L’ultimo discorso va fatto sulle valutazioni del carcerato rispetto ai magistrati, individuati come i veri responsabili della sua situazione. In primo luogo per aver creduto ciecamente, senza le adeguate verifiche, alle parole dei primi pentiti e a quelle, ancor meno credibili, dei personaggi aggiuntisi in un secondo tempo. Poi per l’accanimento a portare avanti la macchina della tortura contro ogni evidenza, quasi fossero incapaci di fermare l’ingranaggio e operare gli opportuni distinguo. Di più era anche il modo ad offendere: dichiarazioni recise e supponenti, condotta di chi dispone completamente della vita altrui. Di qui l’accomunare gli accusatori nel palazzo a quelli in cella, giudicati tutti dall’alto di una superiorità che ribalta clamorosamente i ruoli (“[…] sul piano morale sono dei Pandico, dei Barra, dei Margutti. Dei calunniatori in toga”) e consente una grande fiducia nella propria lotta (“Occorre disarmarli. Lo faremo”, 5 ottobre 1983).

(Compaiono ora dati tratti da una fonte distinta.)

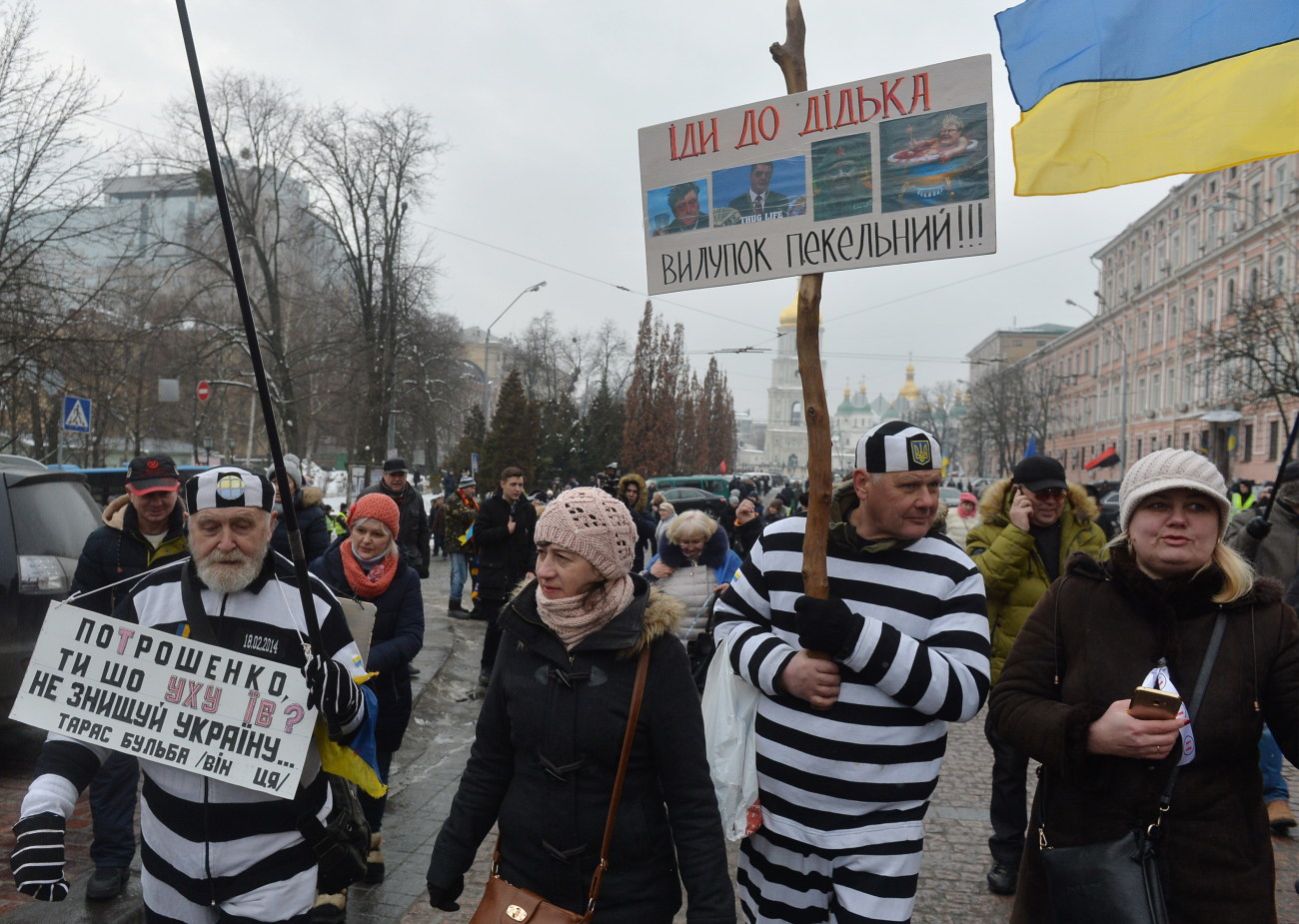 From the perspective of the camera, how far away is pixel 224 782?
9.27ft

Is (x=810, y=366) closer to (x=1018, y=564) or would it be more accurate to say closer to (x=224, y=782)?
(x=224, y=782)

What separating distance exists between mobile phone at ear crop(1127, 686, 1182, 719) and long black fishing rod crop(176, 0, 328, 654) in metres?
2.03

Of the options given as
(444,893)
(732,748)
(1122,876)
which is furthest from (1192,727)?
(444,893)

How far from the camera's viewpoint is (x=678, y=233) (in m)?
3.26

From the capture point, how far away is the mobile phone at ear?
91.3 inches

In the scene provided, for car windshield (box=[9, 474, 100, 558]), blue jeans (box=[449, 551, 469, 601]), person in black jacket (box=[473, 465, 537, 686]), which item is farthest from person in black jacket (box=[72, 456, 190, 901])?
blue jeans (box=[449, 551, 469, 601])

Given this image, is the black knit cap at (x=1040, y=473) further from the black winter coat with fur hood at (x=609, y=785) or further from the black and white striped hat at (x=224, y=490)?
the black and white striped hat at (x=224, y=490)

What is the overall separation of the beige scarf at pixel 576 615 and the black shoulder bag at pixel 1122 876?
1281mm

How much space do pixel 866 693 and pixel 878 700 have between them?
36mm

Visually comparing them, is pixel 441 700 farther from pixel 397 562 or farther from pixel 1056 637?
pixel 1056 637

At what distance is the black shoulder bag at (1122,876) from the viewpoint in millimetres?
2420

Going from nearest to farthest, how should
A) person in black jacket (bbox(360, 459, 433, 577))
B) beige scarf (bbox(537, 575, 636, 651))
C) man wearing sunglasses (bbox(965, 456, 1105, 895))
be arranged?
beige scarf (bbox(537, 575, 636, 651)), man wearing sunglasses (bbox(965, 456, 1105, 895)), person in black jacket (bbox(360, 459, 433, 577))

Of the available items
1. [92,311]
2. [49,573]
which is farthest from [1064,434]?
[49,573]

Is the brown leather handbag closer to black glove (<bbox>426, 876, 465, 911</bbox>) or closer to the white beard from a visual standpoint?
black glove (<bbox>426, 876, 465, 911</bbox>) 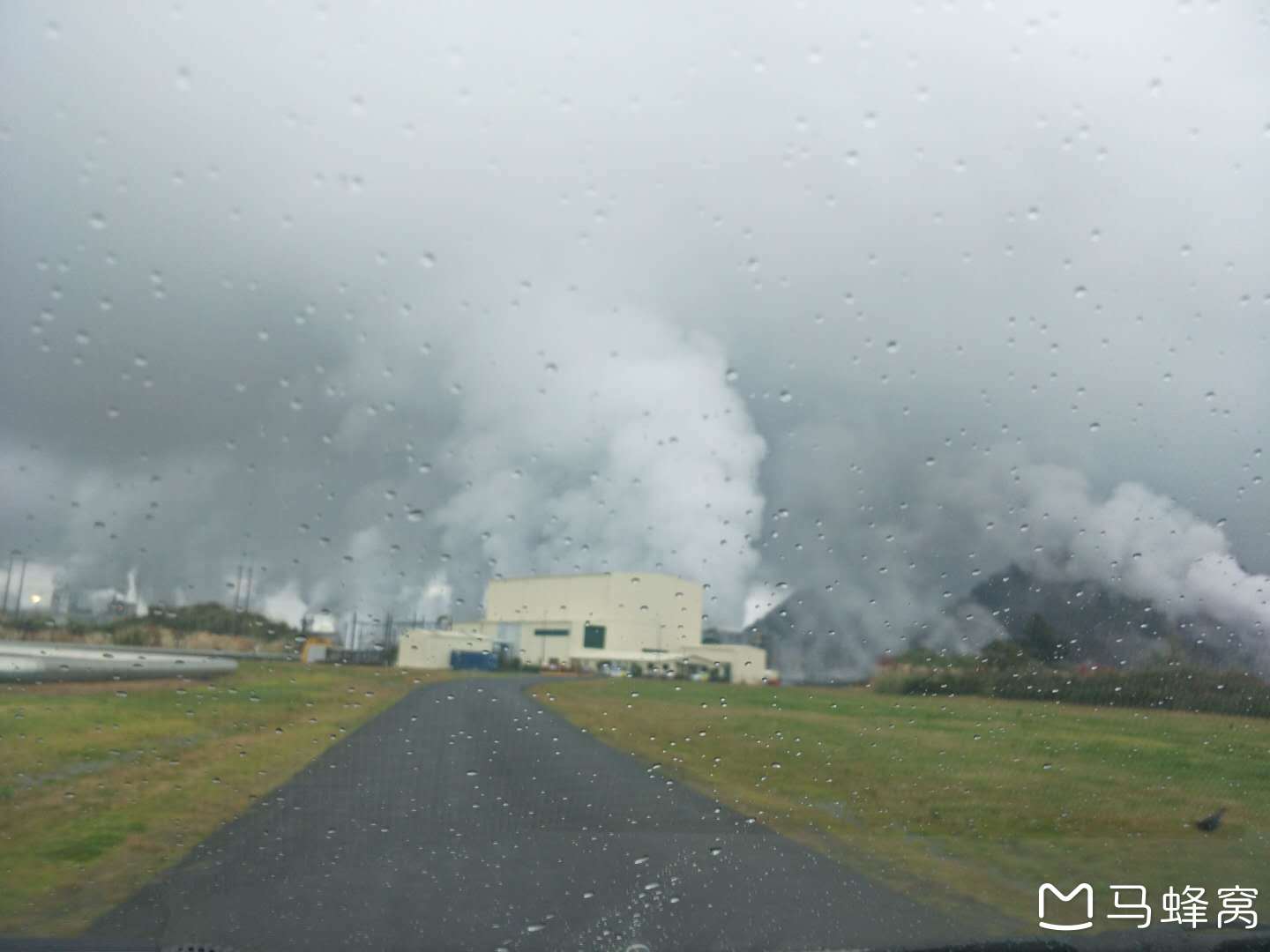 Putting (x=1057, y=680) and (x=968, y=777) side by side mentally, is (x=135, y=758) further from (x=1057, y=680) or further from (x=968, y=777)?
(x=1057, y=680)

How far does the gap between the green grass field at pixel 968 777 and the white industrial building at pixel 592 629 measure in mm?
166

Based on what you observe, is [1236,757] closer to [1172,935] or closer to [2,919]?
[1172,935]

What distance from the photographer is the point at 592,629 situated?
6.95m

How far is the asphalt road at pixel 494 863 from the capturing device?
590 cm

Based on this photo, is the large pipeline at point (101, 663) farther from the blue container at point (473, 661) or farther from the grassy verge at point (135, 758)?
the blue container at point (473, 661)

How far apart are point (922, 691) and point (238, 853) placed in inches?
174

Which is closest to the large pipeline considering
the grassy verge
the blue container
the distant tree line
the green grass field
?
the grassy verge

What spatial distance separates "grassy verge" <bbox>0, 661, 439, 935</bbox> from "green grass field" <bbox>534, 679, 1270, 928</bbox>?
4.94 ft

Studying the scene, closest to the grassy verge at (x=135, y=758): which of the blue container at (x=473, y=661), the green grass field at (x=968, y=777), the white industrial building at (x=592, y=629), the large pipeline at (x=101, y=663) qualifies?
the large pipeline at (x=101, y=663)

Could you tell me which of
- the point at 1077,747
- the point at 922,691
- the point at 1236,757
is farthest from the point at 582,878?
the point at 1236,757

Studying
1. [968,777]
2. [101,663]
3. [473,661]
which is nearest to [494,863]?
[473,661]

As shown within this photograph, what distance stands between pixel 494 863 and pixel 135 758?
2.17 m

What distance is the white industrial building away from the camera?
265 inches

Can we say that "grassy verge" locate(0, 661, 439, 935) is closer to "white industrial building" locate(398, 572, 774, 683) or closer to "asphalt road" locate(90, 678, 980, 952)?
"asphalt road" locate(90, 678, 980, 952) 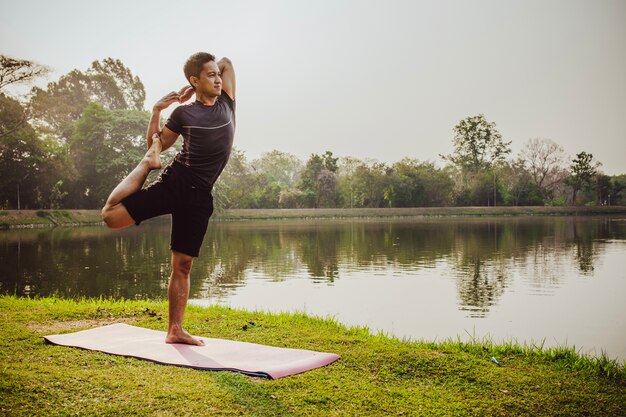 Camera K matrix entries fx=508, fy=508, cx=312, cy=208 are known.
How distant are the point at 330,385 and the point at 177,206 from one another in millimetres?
2168

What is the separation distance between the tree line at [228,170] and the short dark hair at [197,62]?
112 feet

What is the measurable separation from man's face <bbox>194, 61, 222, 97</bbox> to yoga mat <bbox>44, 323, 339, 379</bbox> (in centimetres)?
241

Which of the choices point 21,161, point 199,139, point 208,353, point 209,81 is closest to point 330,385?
point 208,353

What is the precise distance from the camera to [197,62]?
492 centimetres

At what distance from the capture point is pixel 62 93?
6281cm

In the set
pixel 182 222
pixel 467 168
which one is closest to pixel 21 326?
pixel 182 222

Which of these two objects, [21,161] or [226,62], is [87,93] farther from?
[226,62]

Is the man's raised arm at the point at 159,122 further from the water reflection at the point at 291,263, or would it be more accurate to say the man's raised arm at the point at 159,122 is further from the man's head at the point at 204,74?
the water reflection at the point at 291,263

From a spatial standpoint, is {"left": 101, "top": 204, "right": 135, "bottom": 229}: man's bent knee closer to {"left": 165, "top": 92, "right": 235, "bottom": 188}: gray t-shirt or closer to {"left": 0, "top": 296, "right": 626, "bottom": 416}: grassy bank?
{"left": 165, "top": 92, "right": 235, "bottom": 188}: gray t-shirt

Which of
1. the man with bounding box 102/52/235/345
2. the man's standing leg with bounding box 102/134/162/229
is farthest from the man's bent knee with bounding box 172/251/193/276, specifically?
the man's standing leg with bounding box 102/134/162/229

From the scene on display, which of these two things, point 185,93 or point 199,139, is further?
point 185,93

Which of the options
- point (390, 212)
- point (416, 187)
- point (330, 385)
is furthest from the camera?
point (416, 187)

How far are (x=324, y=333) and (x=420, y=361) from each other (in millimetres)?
1576

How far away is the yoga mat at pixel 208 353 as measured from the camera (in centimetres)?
404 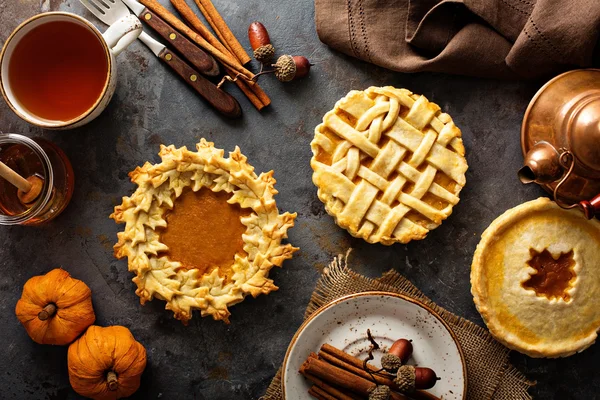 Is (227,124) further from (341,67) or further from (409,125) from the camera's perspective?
(409,125)

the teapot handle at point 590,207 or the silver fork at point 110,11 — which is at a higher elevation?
the silver fork at point 110,11

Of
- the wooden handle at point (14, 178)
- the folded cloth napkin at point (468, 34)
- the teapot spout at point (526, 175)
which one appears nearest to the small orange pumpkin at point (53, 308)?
the wooden handle at point (14, 178)

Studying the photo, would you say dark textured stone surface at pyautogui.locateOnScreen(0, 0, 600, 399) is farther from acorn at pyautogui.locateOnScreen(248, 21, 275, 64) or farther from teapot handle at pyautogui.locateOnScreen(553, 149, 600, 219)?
teapot handle at pyautogui.locateOnScreen(553, 149, 600, 219)

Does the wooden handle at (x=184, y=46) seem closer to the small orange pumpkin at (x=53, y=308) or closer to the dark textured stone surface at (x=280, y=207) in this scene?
the dark textured stone surface at (x=280, y=207)

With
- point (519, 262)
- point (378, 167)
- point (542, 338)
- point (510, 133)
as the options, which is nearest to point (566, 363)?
point (542, 338)

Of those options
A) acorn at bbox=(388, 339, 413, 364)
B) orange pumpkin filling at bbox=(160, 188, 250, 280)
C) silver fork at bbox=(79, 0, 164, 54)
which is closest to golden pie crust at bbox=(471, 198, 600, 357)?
acorn at bbox=(388, 339, 413, 364)

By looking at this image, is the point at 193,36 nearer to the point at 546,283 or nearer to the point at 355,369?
the point at 355,369

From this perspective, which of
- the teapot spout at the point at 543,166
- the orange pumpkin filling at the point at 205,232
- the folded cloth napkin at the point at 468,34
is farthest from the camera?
the orange pumpkin filling at the point at 205,232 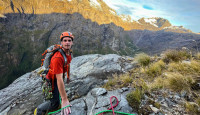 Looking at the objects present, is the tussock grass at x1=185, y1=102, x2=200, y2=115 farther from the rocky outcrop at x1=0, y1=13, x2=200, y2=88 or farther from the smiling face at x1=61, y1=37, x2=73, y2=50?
the rocky outcrop at x1=0, y1=13, x2=200, y2=88

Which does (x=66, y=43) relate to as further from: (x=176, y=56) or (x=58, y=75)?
(x=176, y=56)

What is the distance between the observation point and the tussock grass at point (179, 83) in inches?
119

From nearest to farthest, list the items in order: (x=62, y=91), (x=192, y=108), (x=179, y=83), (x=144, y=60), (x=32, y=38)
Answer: (x=192, y=108)
(x=62, y=91)
(x=179, y=83)
(x=144, y=60)
(x=32, y=38)

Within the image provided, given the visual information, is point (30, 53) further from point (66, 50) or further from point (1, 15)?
point (66, 50)

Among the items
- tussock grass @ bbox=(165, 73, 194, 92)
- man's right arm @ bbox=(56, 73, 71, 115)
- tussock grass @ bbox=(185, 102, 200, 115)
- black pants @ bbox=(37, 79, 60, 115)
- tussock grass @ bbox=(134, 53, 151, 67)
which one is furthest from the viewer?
tussock grass @ bbox=(134, 53, 151, 67)

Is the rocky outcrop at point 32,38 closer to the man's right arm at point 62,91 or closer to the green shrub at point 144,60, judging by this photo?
the green shrub at point 144,60

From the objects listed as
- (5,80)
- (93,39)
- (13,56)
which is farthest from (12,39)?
(93,39)

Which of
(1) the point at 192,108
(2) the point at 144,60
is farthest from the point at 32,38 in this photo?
(1) the point at 192,108

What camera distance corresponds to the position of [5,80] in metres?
112

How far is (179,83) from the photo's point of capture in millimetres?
3174

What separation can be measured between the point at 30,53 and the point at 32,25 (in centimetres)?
5178

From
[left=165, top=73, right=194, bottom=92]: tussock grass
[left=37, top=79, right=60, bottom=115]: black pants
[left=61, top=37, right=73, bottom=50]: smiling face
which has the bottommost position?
[left=37, top=79, right=60, bottom=115]: black pants

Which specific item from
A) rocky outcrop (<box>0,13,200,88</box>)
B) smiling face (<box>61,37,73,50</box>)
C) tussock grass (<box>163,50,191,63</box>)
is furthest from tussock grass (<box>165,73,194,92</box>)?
rocky outcrop (<box>0,13,200,88</box>)

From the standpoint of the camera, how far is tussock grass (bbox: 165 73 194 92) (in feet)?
9.88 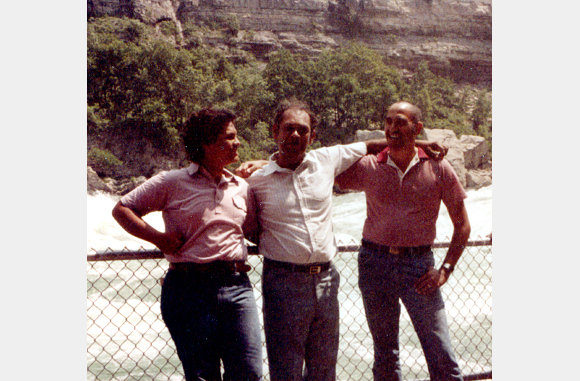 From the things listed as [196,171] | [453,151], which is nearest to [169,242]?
[196,171]

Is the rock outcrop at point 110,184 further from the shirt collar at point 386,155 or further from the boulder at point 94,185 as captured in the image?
the shirt collar at point 386,155

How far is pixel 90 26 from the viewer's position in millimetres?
37781

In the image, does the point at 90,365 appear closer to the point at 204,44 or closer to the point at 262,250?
the point at 262,250

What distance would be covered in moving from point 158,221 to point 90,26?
24.7 m

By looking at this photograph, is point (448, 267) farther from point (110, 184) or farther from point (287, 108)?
point (110, 184)

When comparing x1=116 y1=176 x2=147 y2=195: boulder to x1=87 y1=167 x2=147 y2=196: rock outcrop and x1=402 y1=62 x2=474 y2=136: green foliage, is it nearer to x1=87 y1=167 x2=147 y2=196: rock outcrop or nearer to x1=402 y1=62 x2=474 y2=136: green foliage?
x1=87 y1=167 x2=147 y2=196: rock outcrop

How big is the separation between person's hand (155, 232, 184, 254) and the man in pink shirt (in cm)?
96

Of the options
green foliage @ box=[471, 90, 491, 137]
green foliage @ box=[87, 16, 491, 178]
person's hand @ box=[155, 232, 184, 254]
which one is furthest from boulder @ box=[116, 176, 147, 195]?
person's hand @ box=[155, 232, 184, 254]

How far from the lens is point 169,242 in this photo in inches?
102

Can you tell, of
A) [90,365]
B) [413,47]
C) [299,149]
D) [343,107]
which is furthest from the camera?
[413,47]

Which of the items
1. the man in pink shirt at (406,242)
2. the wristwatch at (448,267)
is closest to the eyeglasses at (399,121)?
the man in pink shirt at (406,242)

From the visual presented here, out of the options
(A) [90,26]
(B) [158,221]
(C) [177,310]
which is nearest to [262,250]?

Non di rado affiora il sospetto di una atavica disuguaglianza e corruzione del sistema (“Mia cara, non essendo generale e non trafficando in petroli so che sarà più lunga […]”, 25 agosto 1983); i “Pulcinella in toga”, come vengono più volte chiamati i pm di Napoli, solo con chi non ha le spalle coperte “firmano ordini e mandati come se scacciassero zanzare” (25 agosto 1983).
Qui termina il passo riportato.